This is not exactly ECG. This is only experiment how precise have to be the circuit. I decided to not use the classical 2 stage 3 opamp instrumentation amplifier. I don't intend to picture my hairy chest but I will share my heart beat. This is personal :))
The circuit is instrumentation amplifier with 2 operational amplifiers. The overal gain is1+R2/R1+2R2/Rg. One disadvantage of the circuit is the dependency of the CMRR from the gain. We need high gain so this is not an issue. Second, the amplifiers have different bandwidth because of different closed loops. We have relatively slow signals and there is no need to compensate the AC CMRR.

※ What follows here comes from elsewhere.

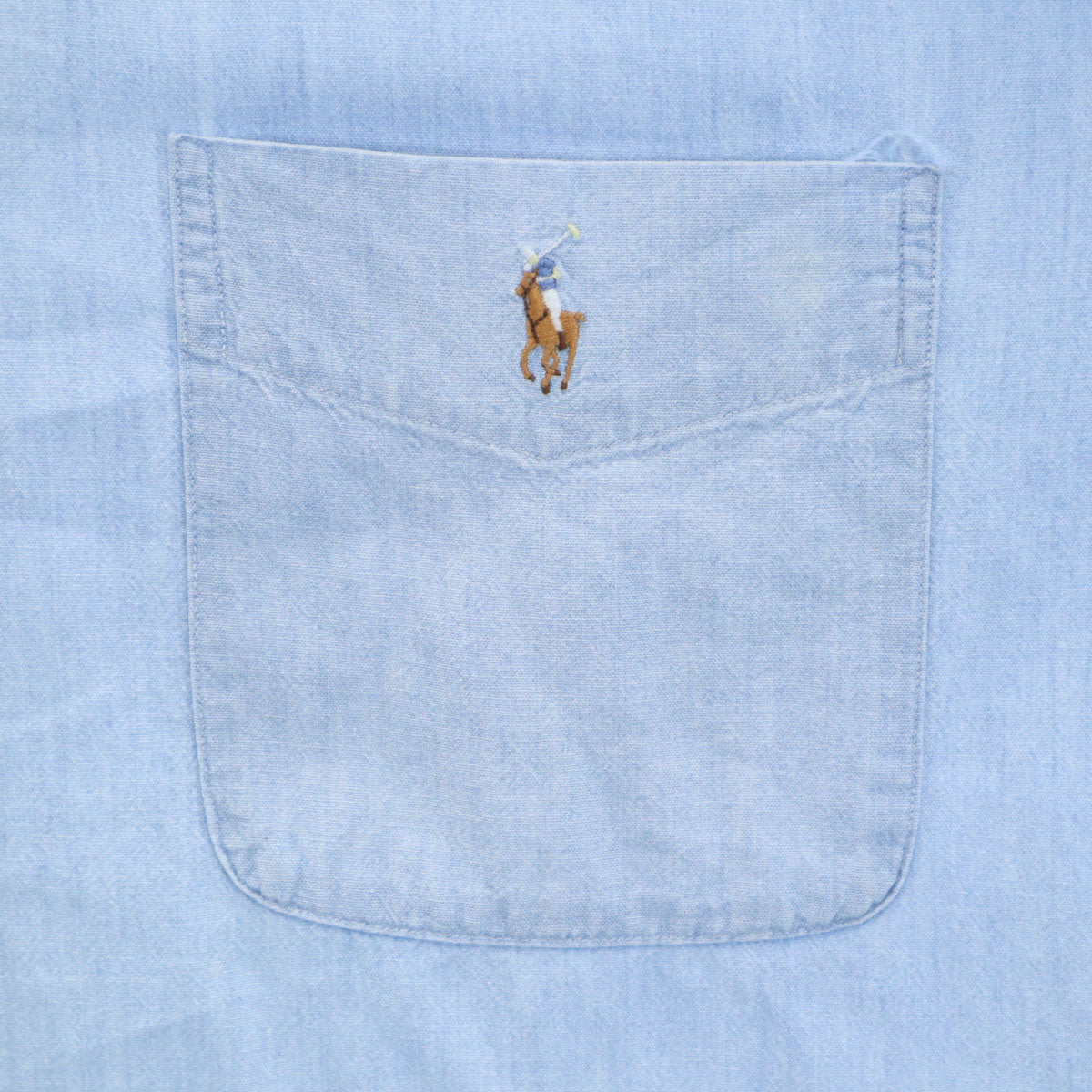 RALPH LAUREN ラルフローレン 90s オールド 長袖 コットンシャツ L ブルー BIG SHIRT メンズ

CMRR mean Common Mode Rejection Ratio and there is a lot of easy OPA theory on the net.
In practical circuit I use 2 more stages. Additional CMRR amplifier, which do balance between differential electrodes on hands or chest. This is done by third electrode on the left leg or chest. The other stage is integrator, which prevent output DC floating. The board is 'kitchen made'. The resistors can be 1% or more precise. I did not saw huge difference in the signal. The left and right cables should be shielded. I used sticky electrodes for veloergometry.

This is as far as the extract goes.